Material for this task: Begin

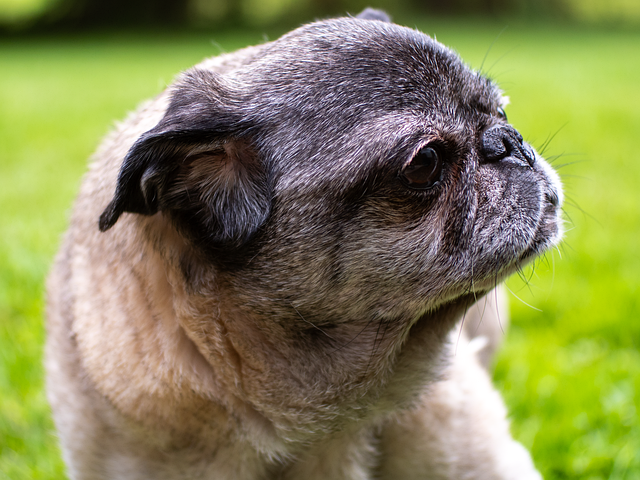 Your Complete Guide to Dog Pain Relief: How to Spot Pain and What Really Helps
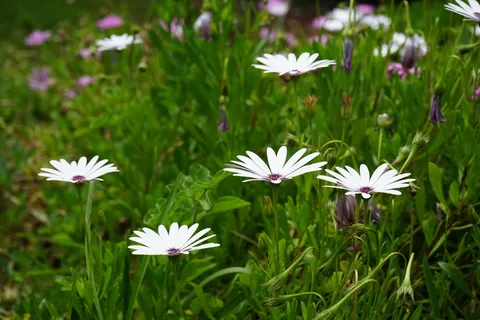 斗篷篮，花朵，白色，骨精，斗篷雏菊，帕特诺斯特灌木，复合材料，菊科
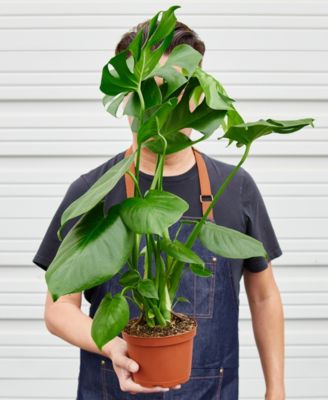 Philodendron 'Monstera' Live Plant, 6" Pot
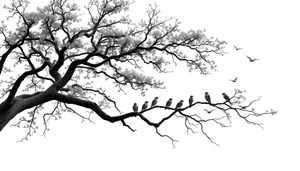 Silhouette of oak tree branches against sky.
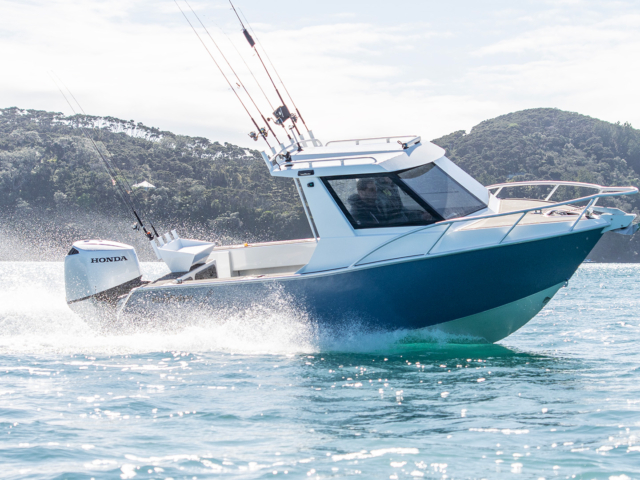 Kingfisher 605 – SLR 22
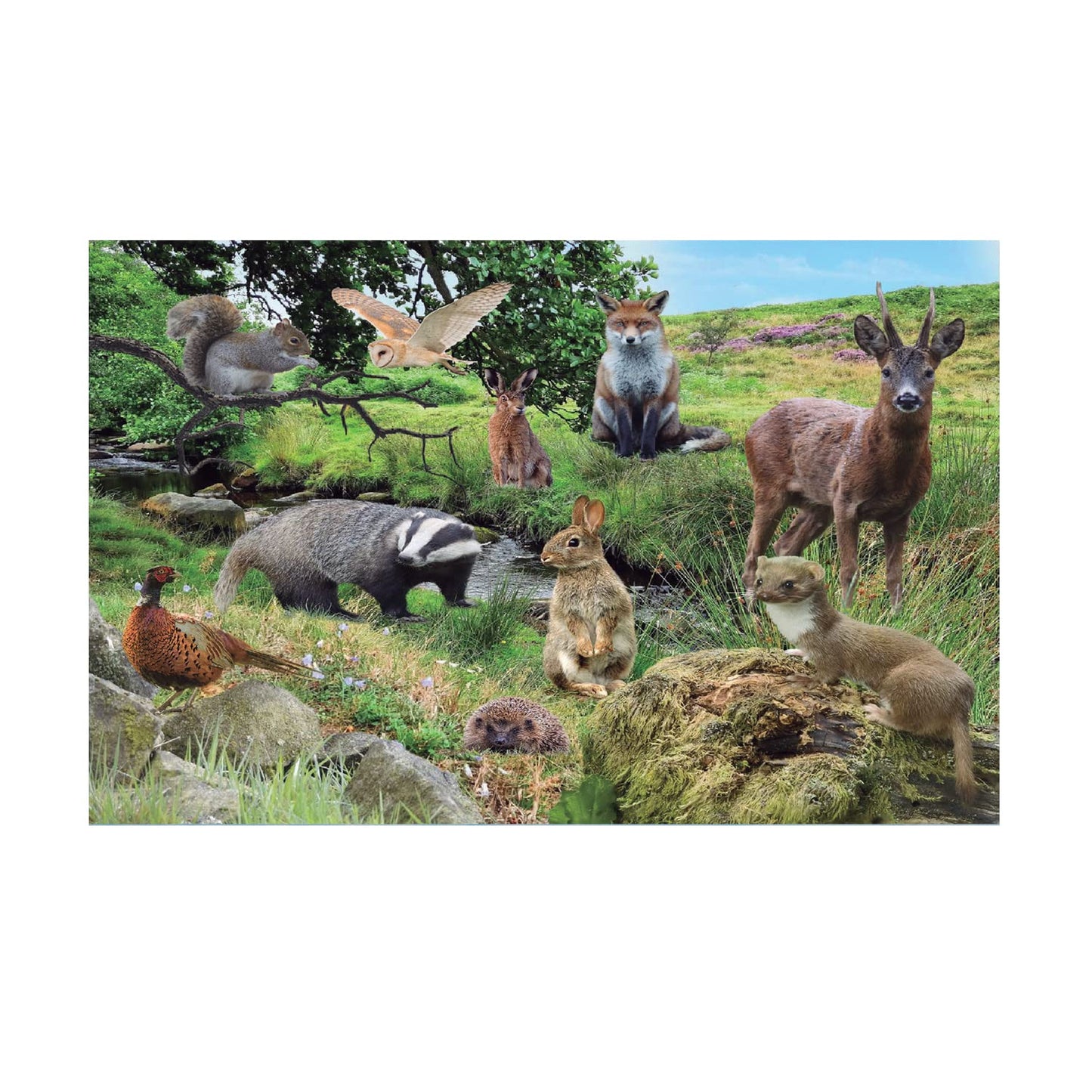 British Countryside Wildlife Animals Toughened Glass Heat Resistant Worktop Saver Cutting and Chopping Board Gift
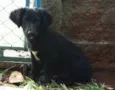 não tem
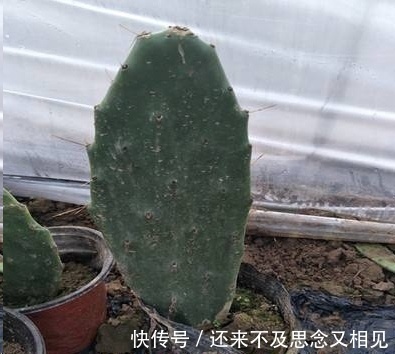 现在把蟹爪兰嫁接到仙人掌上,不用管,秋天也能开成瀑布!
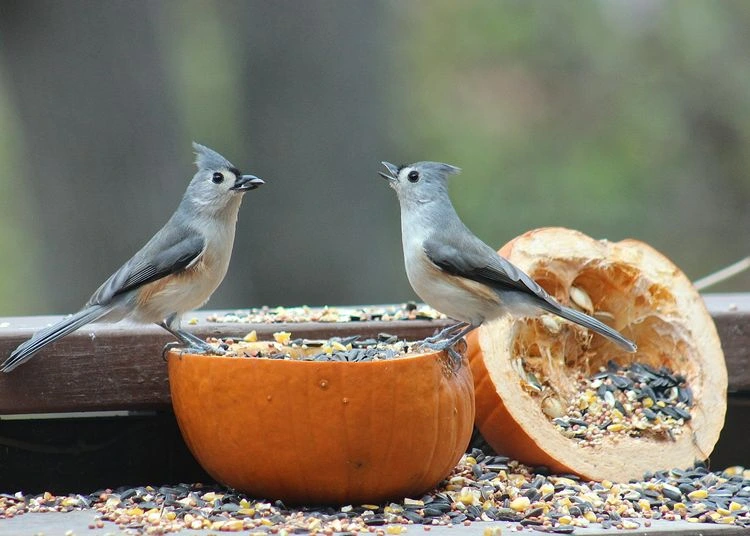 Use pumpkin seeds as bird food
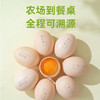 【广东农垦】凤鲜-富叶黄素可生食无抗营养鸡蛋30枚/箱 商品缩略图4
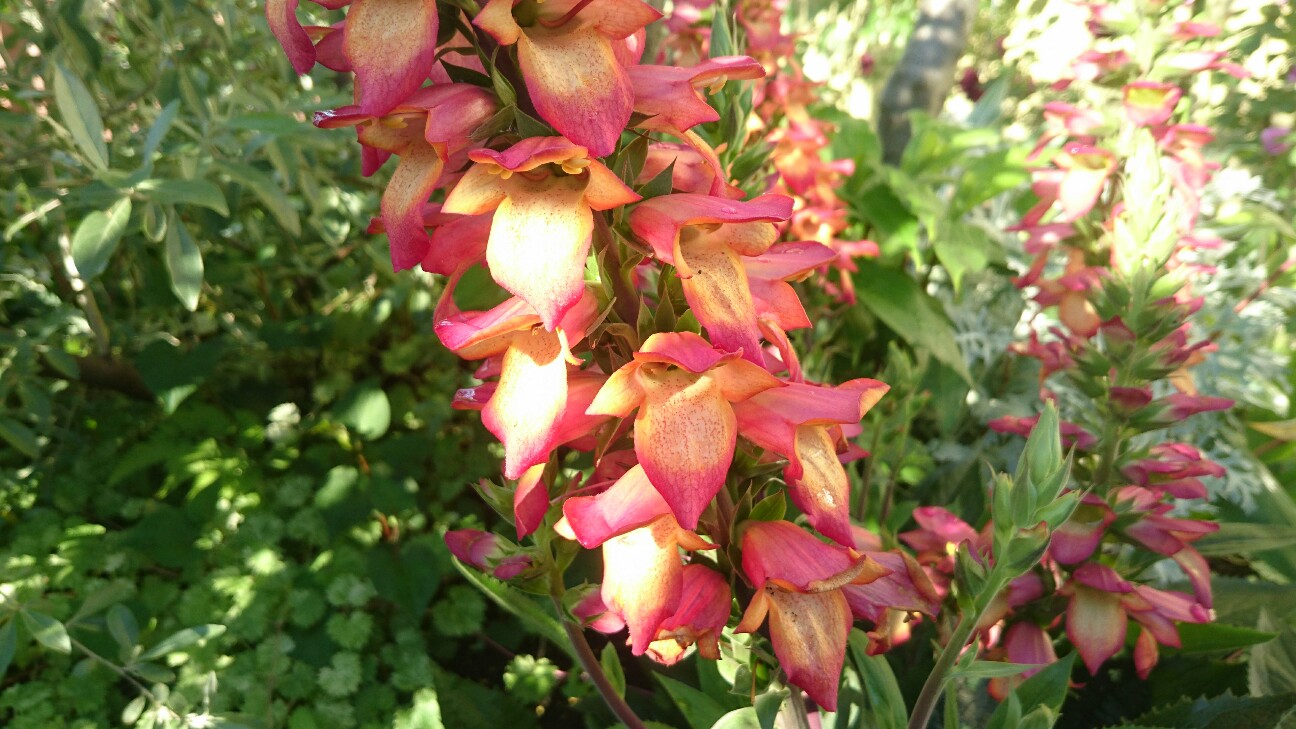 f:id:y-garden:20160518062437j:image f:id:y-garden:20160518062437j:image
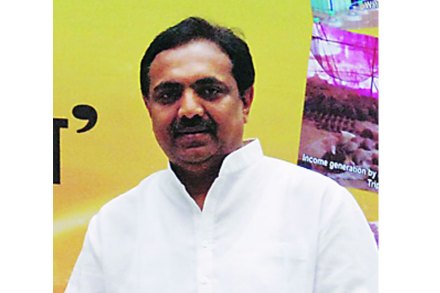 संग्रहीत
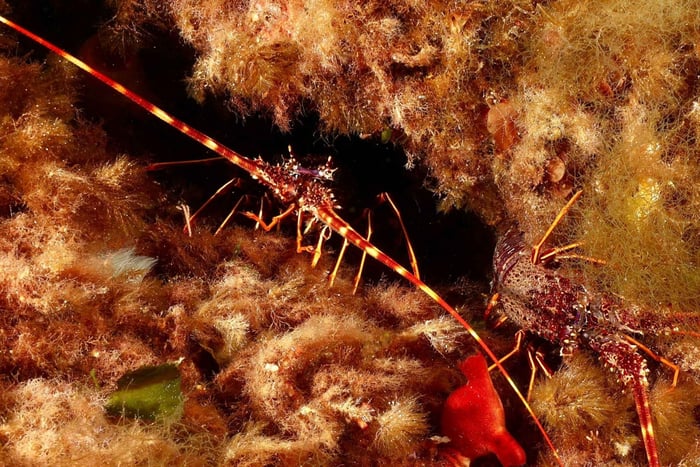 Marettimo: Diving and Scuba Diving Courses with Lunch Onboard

Material for this task: End

Instructions to follow: Set down all of the entries exactly as they stand, without any image.

Exercise response:
 Your Complete Guide to Dog Pain Relief: How to Spot Pain and What Really Helps
 斗篷篮，花朵，白色，骨精，斗篷雏菊，帕特诺斯特灌木，复合材料，菊科
 Philodendron 'Monstera' Live Plant, 6" Pot
 Silhouette of oak tree branches against sky.
 Kingfisher 605 – SLR 22
 British Countryside Wildlife Animals Toughened Glass Heat Resistant Worktop Saver Cutting and Chopping Board Gift
 não tem
 现在把蟹爪兰嫁接到仙人掌上,不用管,秋天也能开成瀑布!
 Use pumpkin seeds as bird food
 【广东农垦】凤鲜-富叶黄素可生食无抗营养鸡蛋30枚/箱 商品缩略图4
 f:id:y-garden:20160518062437j:image f:id:y-garden:20160518062437j:image
 संग्रहीत
 Marettimo: Diving and Scuba Diving Courses with Lunch Onboard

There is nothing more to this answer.